The ERISA Fidelity Bond is to “…provide protection to the plan against loss because of acts of fraud or dishonesty on the part of the plan official, directly or through connivance with others.” There are a few 3(16) fiduciaries that, like TAG, have taken the stance where both the 3(16) AND the Plan Sponsor need to be covered by an ERISA Bond. To give you some background, the Employee Retirement Income Security Act of 1974 requires that every person who handles ERISA plan assets be covered by a Fidelity Bond. The Fidelity Bonds basic purpose is to protect against theft of ERISA plan assets. The limits on these bonds are 10% of plan assets, capped at a maximum payout of $500,000. It is crystal clear that a Plan Sponsor is required to have this Bond. If the employer chooses to outsource to a 3(16) Plan Administrator, does this trigger the need for a second Bond? Does the Plan Administrator have the authority to direct money and make decisions on your client’s plan? Yes, indeed.

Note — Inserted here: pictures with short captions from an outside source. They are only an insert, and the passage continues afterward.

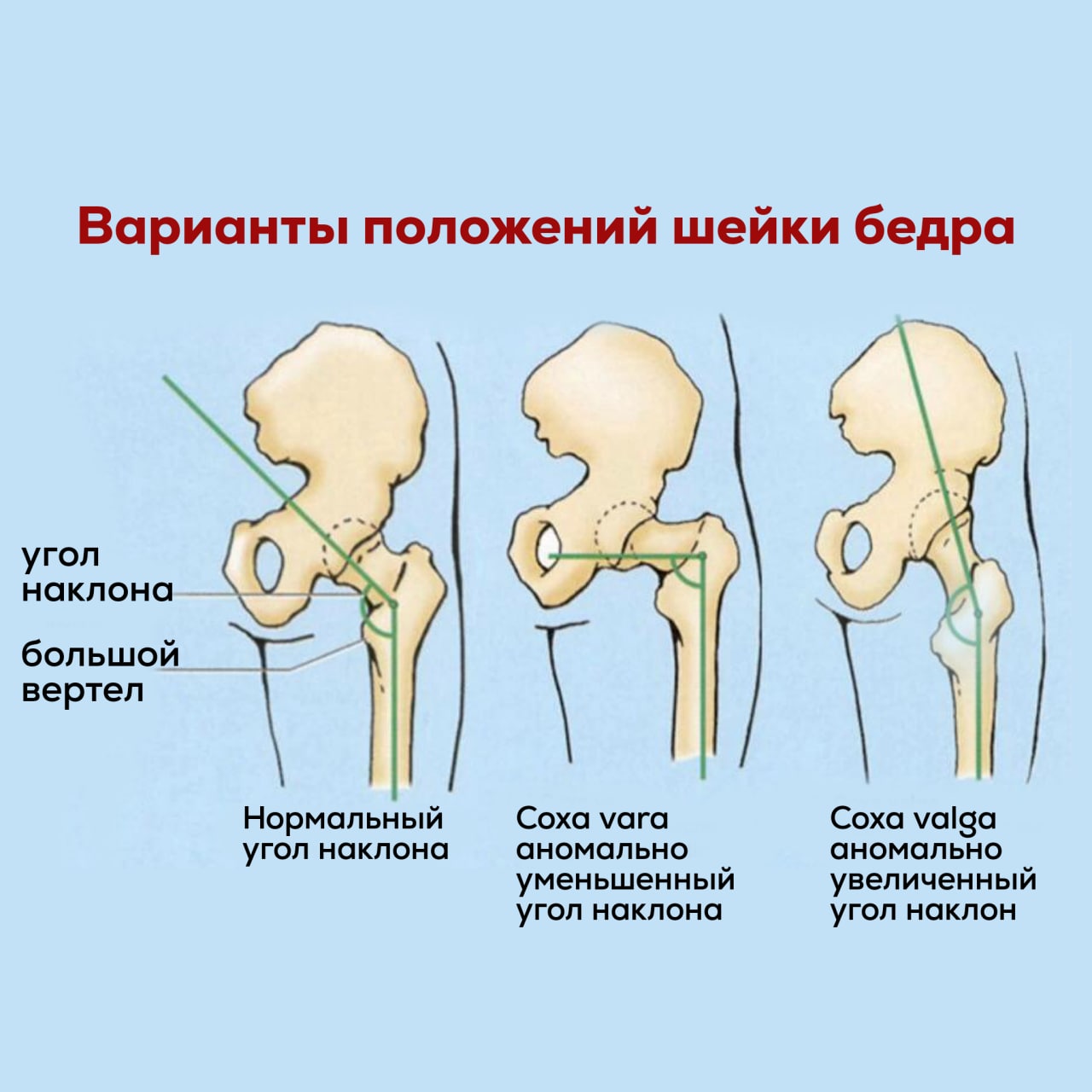 Coxa vara тазобедренного сустава. Coxa Valga электростимуляция.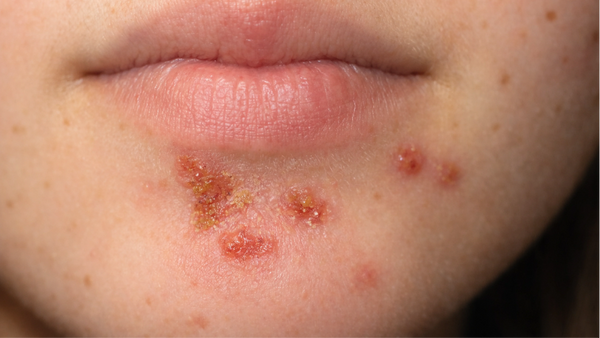 The Link Between Acne and Diet: How High Glycemic Load Impacts Skin Health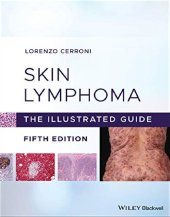 book Skin lymphoma. The illustrated guide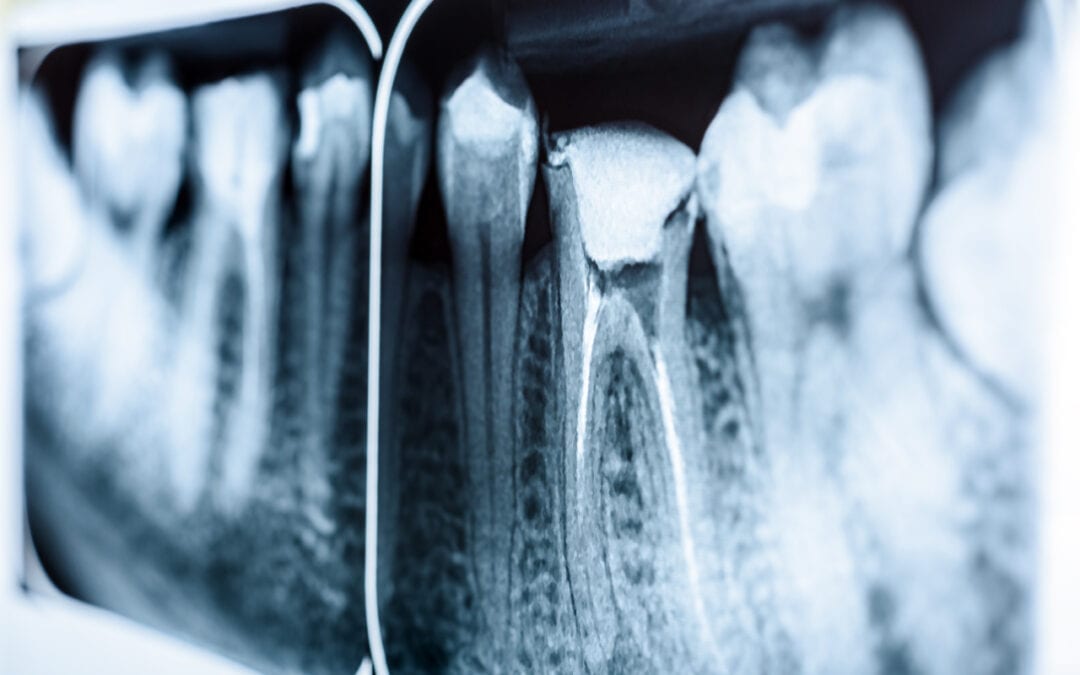 Root Canal Treatment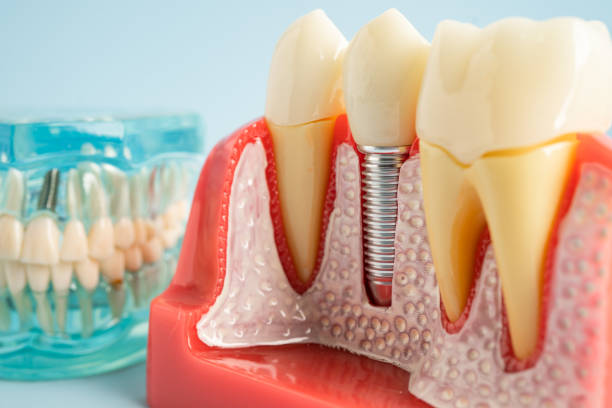 Best Dental Exams and Cleanings  in Citrus Heights, CA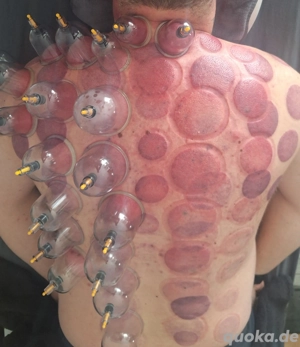 Schröpfen  Massage - gegen Verspannungen, Schmerzen, Stoffwechsel, Faszie & Energie - Körper & Geis Bild 6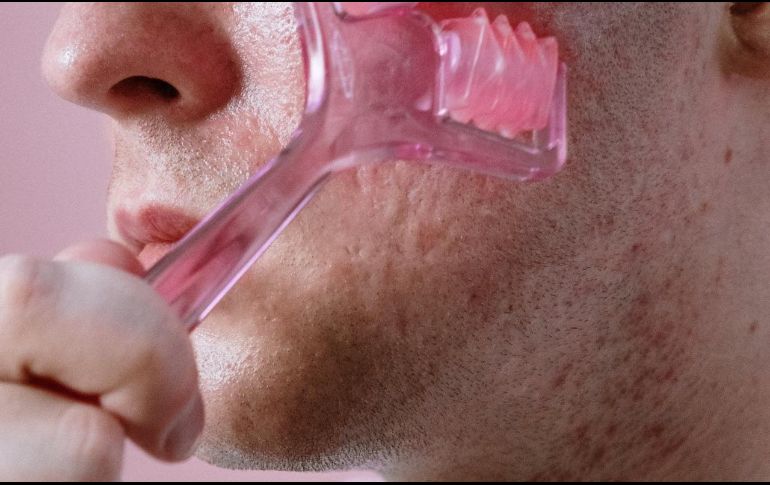 El cloracné es una enfermedad cutánea crónica de tipo acné que se produce por la sobre exposición a ciertos hidrocarburos aromáticos halogenados. Pexels.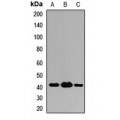 LifeSab™ ST13 Rabbit pAb (50 µl)
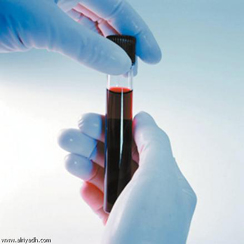 انخفاض اعداد الاصابات الجديدة بالثلاسيميا الى 25 حالة سنويا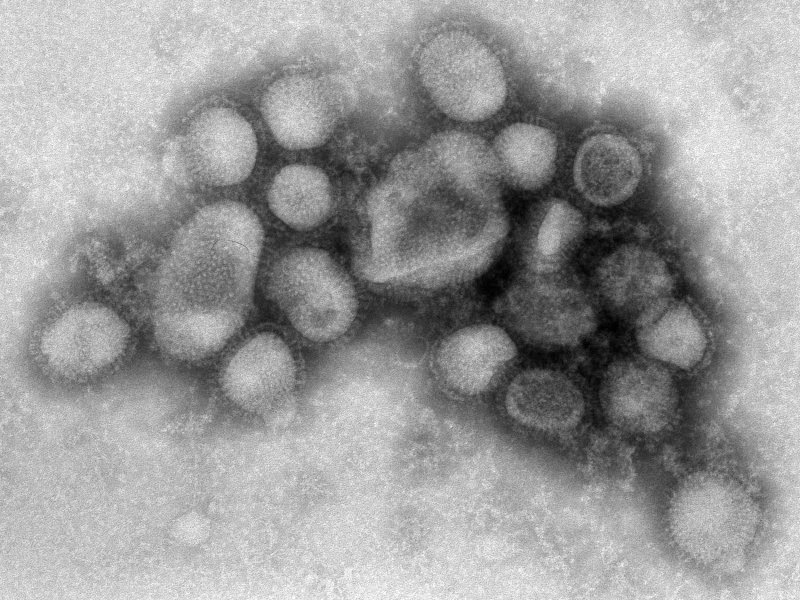 En farlig mutasjon av svineinfluensaviruset har dukket opp i Norge iRADIO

The 3(16) needs to be bonded as well, for each company. As with fiduciary insurance, there is a very small population of people that know how to do this—but there are some great programs out there. NAPLIA runs a program wherein a 3(16) like TAG can offer an ‘umbrella’ bond solution that covers both the 3(16) and the Plan Sponsor; this is what we do. Again, ask the questions so that you know this basic risk is covered—by all parties!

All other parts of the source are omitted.